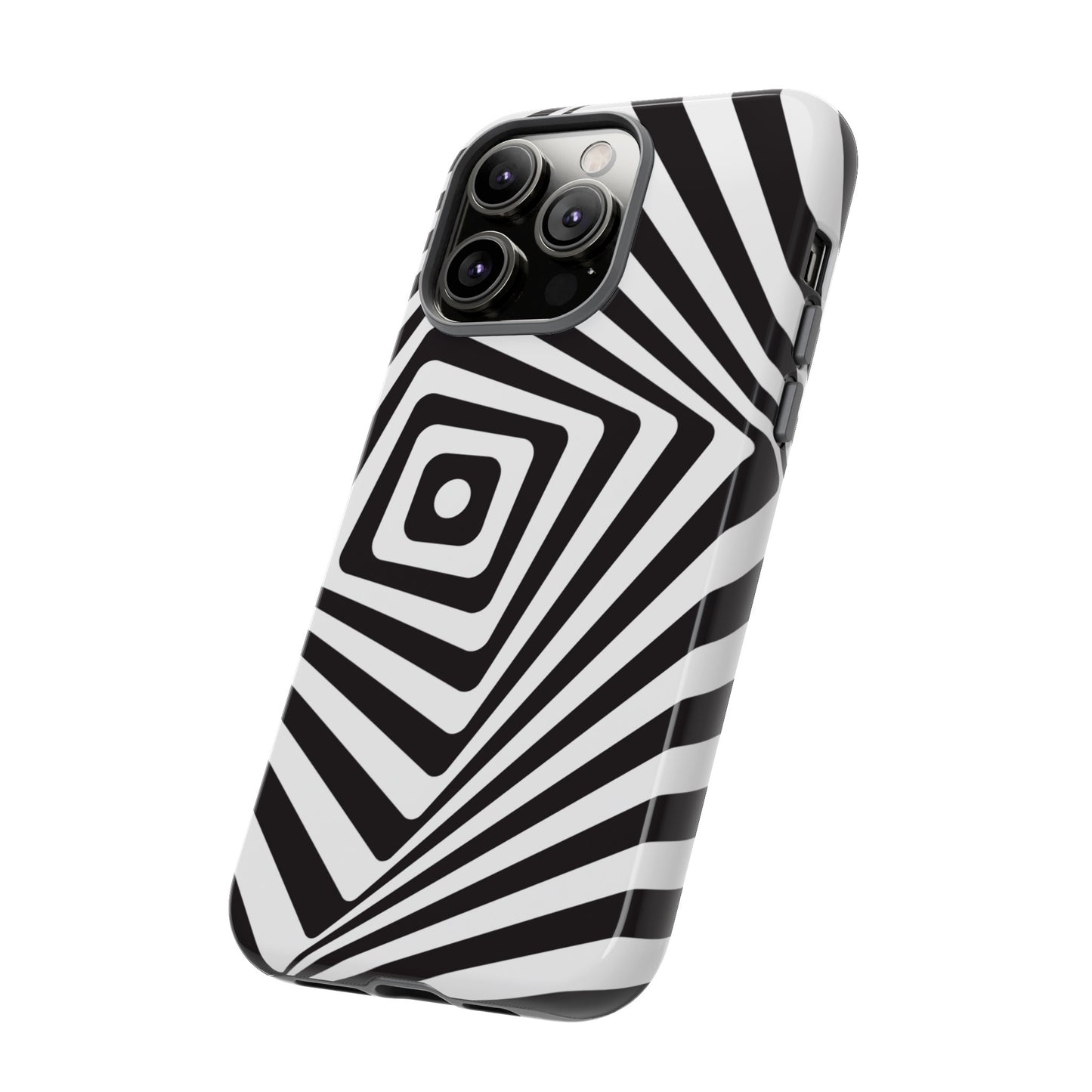 Black & White Spiral Wallpaper Phone Case | iPhone 15 Plus/ Pro, 14, 13, 12| Google Pixel 7, Pro, 5| Samsung Galaxy S23 All Major Phone Models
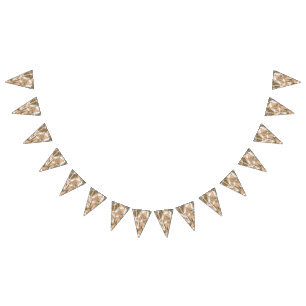 Ein lebendiges Stoffdesign mit viel Blumen Wimpelkette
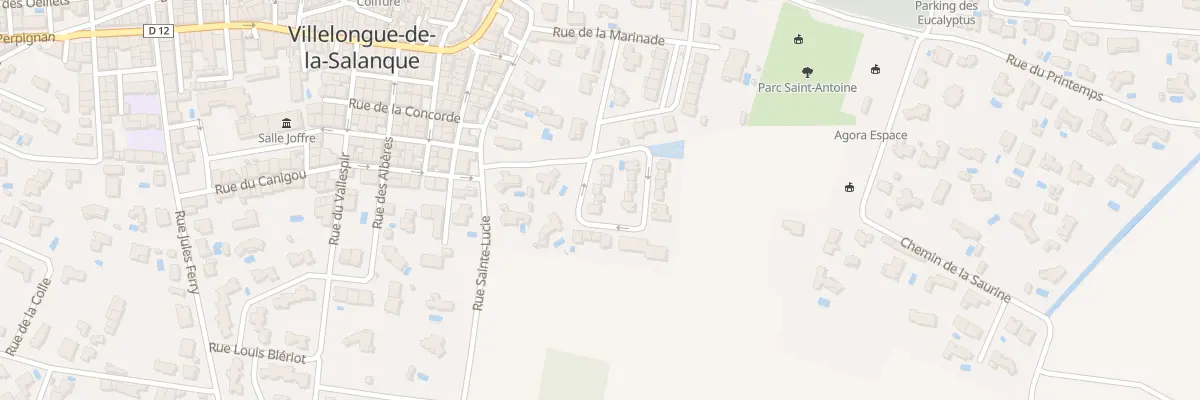 Plan du 14 Rue Colonel Arnaud Beltrame à Villelongue-de-la-Salanque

-- -- --

Exercise requirements
Return the listing above unchanged, apart from dropping its pictures.

Answer
 Black & White Spiral Wallpaper Phone Case | iPhone 15 Plus/ Pro, 14, 13, 12| Google Pixel 7, Pro, 5| Samsung Galaxy S23 All Major Phone Models
 Ein lebendiges Stoffdesign mit viel Blumen Wimpelkette
 Plan du 14 Rue Colonel Arnaud Beltrame à Villelongue-de-la-Salanque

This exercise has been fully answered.